From online banking, insuring cars, and shopping, we are almost totally reliant upon the internet to complete daily tasks and make our lives easier.

 

However, as technological advancements give us greater convenience, increase productivity, and provide greater access to whole new swathes of entertainment, consumers and businesses alike leave themselves at risk of cyberattacks against which robust defenses must be in place.

 

So – what are the big cybersecurity threats of 2019, and what can you do to protect yourself and your business against them? This article takes a look at three of the biggest cybersecurity trends of 2019.

1.    Targeted Phishing

Phishing can be defined as the fraudulent exercise of sending emails that impersonate reputable companies in order to gain personal information from individuals, including passwords and credit card numbers.

 

Phishing scams continue to be one of the largest cybersecurity threats. A study conducted at the end of 2018 revealed that online phishing attacks were up by 297% throughout the year, and 2019 has seen this trend continue. Many people are still falling victim to well-crafted phishing emails which lure them to harmful URLs or to click on dangerous links. Scammers are becoming increasingly sophisticated. Signs of malicious emails and fake websites are much more difficult to detect, making it harder to protect yourself and your business against the myriad of threats lurking in your inbox.

 

Nonetheless, general awareness of phishing attacks is rising. Consumers and employees are getting better at knowing what to look for when it comes to phishing emails. But “professional” scammers are upping their game in kind and are developing and using new software to ensure that the messages they send appear to come from legitimate and trusted sources.

 

In order for businesses to protect themselves against scams that hackers continue to launch, they need to adopt comprehensive cybersecurity programs. These can take many forms, but good training is often the best defense. Phishing simulators are fantastic tools in this regard, as they walk users through precisely what to be aware of when an email arrives in their inbox.

 

They guard businesses against social engineering threats by training employees to identify them and the proper protocols for reporting them. They are designed to help users identify and avoid suspicious phishing emails, ensuring they do not give away any important information that can be used against them or the business. This type of training has been shown to double the retention rate of security concepts compared with classroom-based security awareness training.

 2.    Cloud Insecurity

As more organizations turn to cloud computing, large data centers and cloud environments have opened new avenues for attack. Hackers are taking full advantage of the opportunities created by the dissolving security perimeter. As Manuel Nedbal explains in Security Boulevard, “With cloud computing, the perimeter moves within these new environments into unprotected territory. Most companies have heavily invested in traditional multi-layer security appliances – such as firewalls and intrusion prevention systems (IPS) – that provide in-depth ‘north-south’ perimeter protection to guard against common cyberattacks.

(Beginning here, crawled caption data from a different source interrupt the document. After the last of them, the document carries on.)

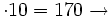 \cdot 10 = 170 \rightarrow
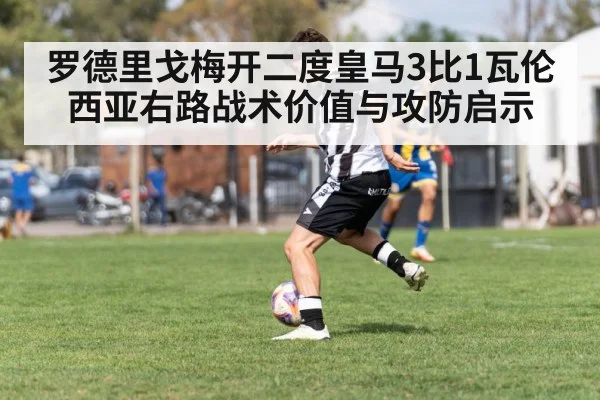 罗德里戈梅开二度皇马3比1瓦伦西亚右路战术价值与攻防启示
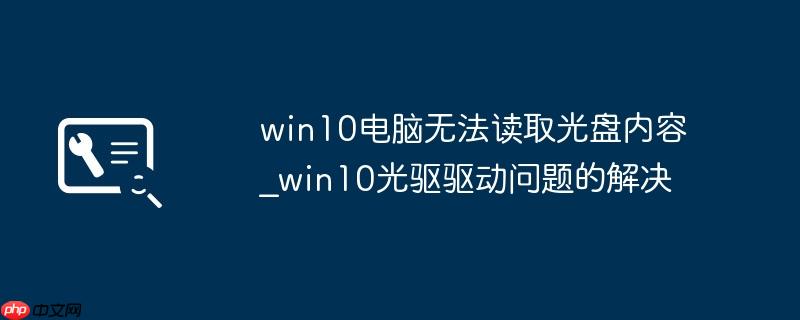 win10电脑无法读取光盘内容_win10光驱驱动问题的解决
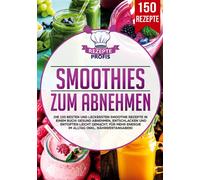 Rezepte Profis Smoothies zum Abnehmen: Die 150 besten und leckersten (Tascabile)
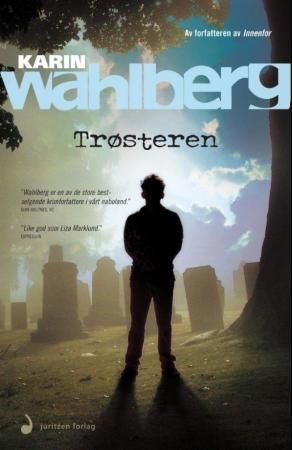 Trøsteren : kirminalroman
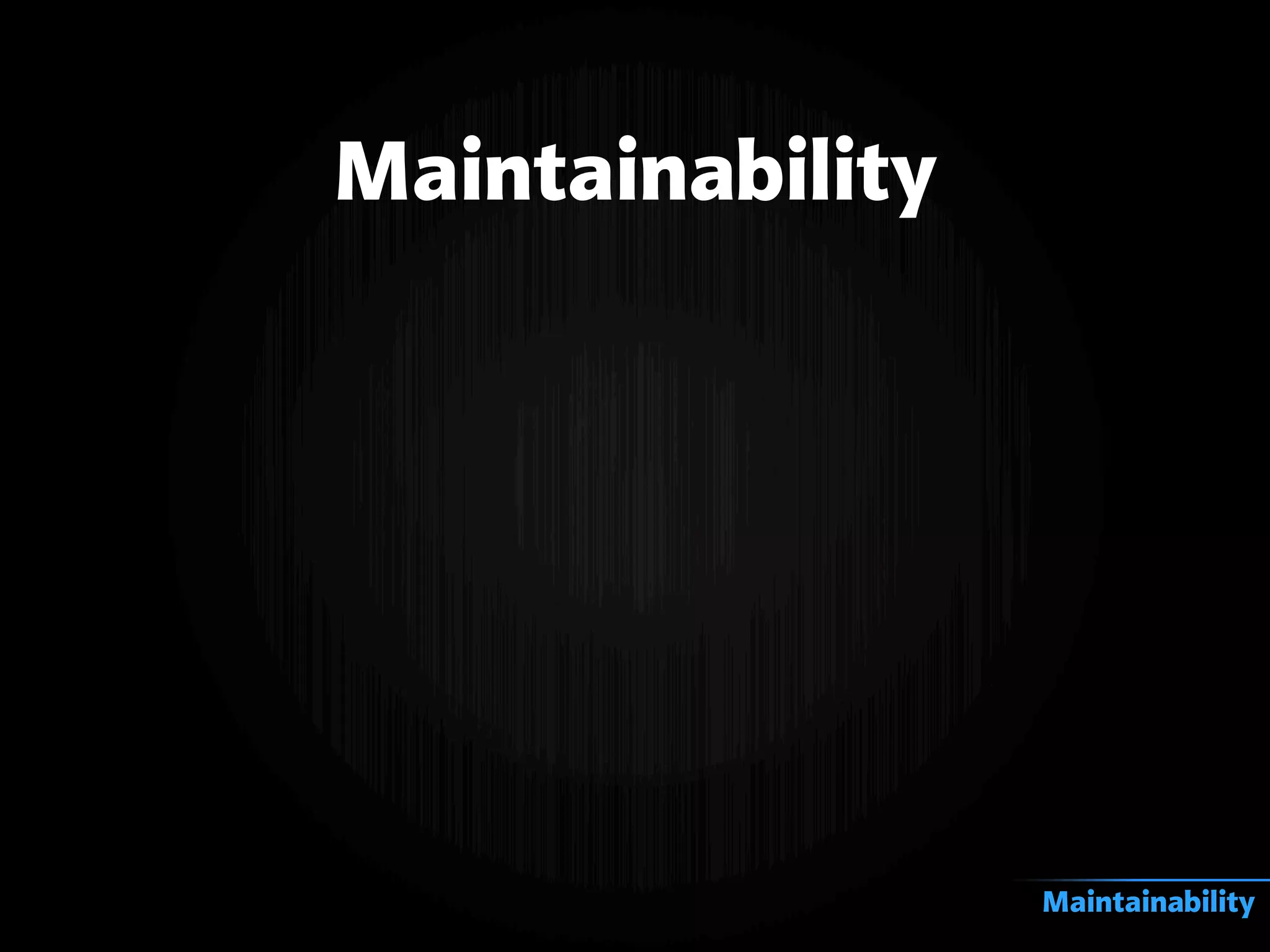 Maintainability
Maintainability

But these controls are less effective in securing lateral or ‘east-west’ traffic because they cannot move into public cloud environments and they were not designed to handle the sheer volume of cloud traffic, or forwarding the right traffic to them represents an operational hurdle.”

 

Despite the continual publicity around repeated breaches and existing dangers and threats, many organizations are struggling to put adequate cloud cybersecurity measures in place. A CSA report states that, according to responses from enterprise security pros, the top four cloud computing security challenges are: data visibility into compliance (43%), infrastructure security (43%), placing security policies (35%), and protection measures not kept on pace with regular updating (35%).

 

Moving forward, experts believe cloud attacks will accelerate and grow in sophistication. While there is no silver bullet solution that will address every cloud security risk, industry collaboration and intelligent cybersecurity will enable better defenses and in turn greater business value from cloud innovations.

3.    User Awareness

User awareness can mean two things. The first being private consumers being aware of the threats that can be targeted towards them. The second refers to business owners being aware of the potential risk that users of their site, applications or online services may pose. In this sense, organizations must have user awareness of both their customers and their employees.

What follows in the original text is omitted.